Ela Bhatt (Faculty of Social Sciences, 2:30 p.m. June 10) is an iconic leader of the international labour, women’s and micro-finance movements. A member of India’s Parliament from 1986 to 1989, Bhatt is a charter member of The Elders, a group of 12 respected world leaders formed by Nelson Mandela. She joined the legal department of the Textile Labour Association (TLA) in Ahmedabad, India in 1955 and was soon influenced by the challenges faced by self-employed female textile workers. She founded the Self-Employed Women’s Association (SEWA), a trade union that now has more than 1 million members. She co-founded and chaired Sa-Dhan (the Association of Community Development Finance Institutions), Women’s World Banking and the Indian School of Micro-finance for Women.
Peter Calamai (Faculty of Science, 9:30 a.m. June 11) started his journalism career at McMaster’s Silhouette and continued professionally at The Hamilton Spectator. His 40-year career included terms at Southam News and Canadian newspapers as a reporter, editor and photographer with postings in Ottawa, Vancouver, London, Nairobi and Washington. He was editorial page editor of The Ottawa Citizen and national science reporter for The Toronto Star. Calamai has served as a volunteer with national organizations including the Science Media Centre of Canada, Environment Canada, the Natural Sciences and Engineering Research Council, the Canadian Language and Literacy Research Network, Youth Science Canada and the Canadian Science Writers’ Association
George Roter (Engineering, 9:30 a.m., June 12) co-founded Engineers Without Borders (EWB) Canada with Parker Mitchell, becoming the organization’s chief executive officer.

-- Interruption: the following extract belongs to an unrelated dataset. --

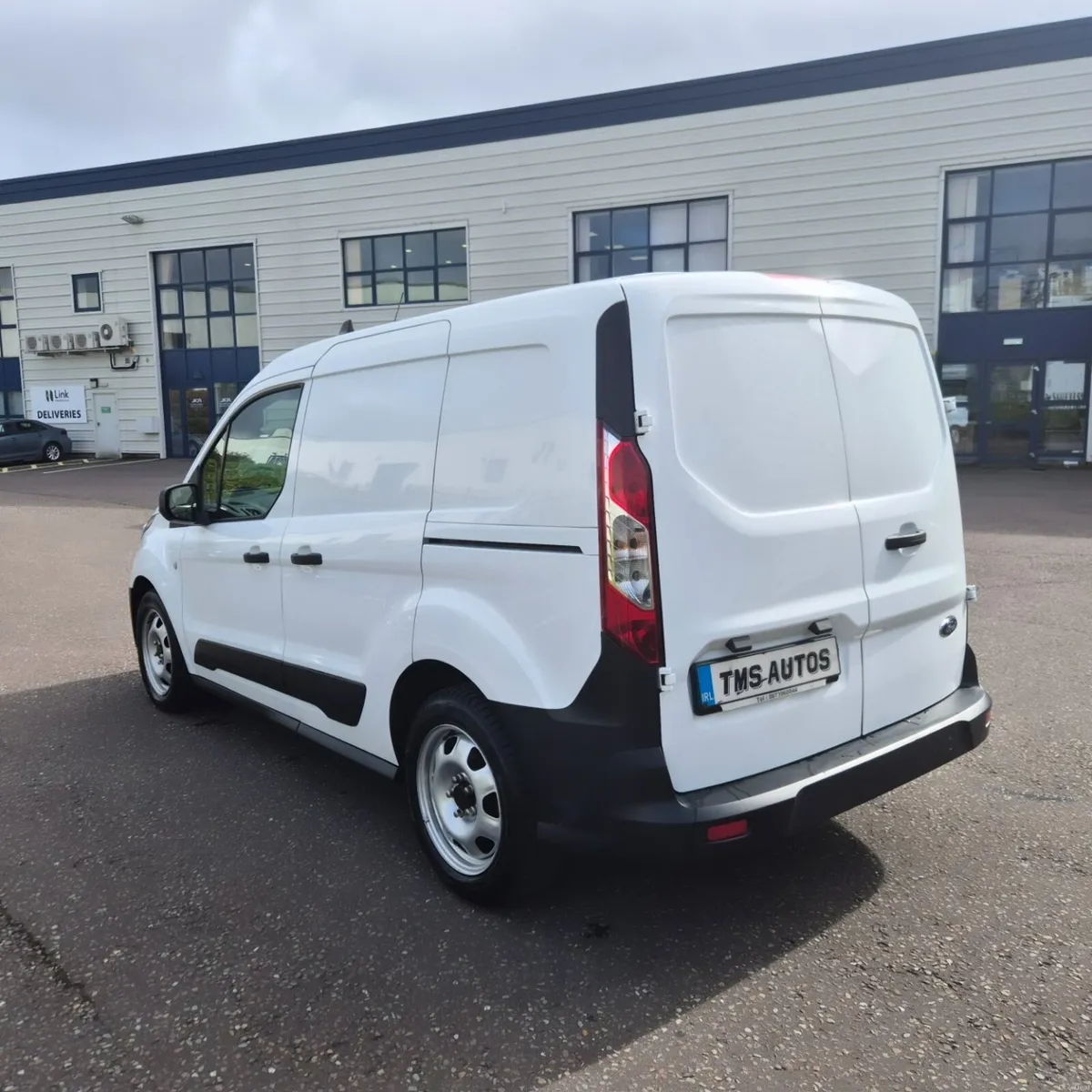 2021 Ford Transit Connect - Image 3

Time magazine recognized Roter as one of Canada’s next generation of social leaders in 2001. He and Mitchell built EWB Canada into an influential international organization with more than 3,000 volunteers, 50,000 supporters, 35 chapters in Canada and teams working in African nations including Malawi, Burkina Faso, Ghana and Zambia. The innovative solutions that Engineers Without Borders has helped deliver – particularly in agriculture and rural infrastructure – have influenced the lives of more than 2.5 million people. In Canada and specifically at McMaster, EWB Canada has also had a signficant impact as it provide a vehicle and a call to action for socially minded engineers.
Thomas Jenkins (Engineering, 2:30 p.m. June 12) is chairman of OpenText Corporation having served in numerous executive roles as OpenText became Canada’s largest software company. The McMaster alumnus – and new chancellor of the University of Waterloo – has a strong record of public service including serving on and chairing numerous panels, boards and committees. Jenkins is a director of the C.D. Howe Institute and the Canadian Council of Chief Executives as well as a founder of Communitech, the Waterloo Region Technology Association. He served as a commissioned officer in the Canadian Forces Reserve and is an honorary colonel of the Royal Highland Fusiliers.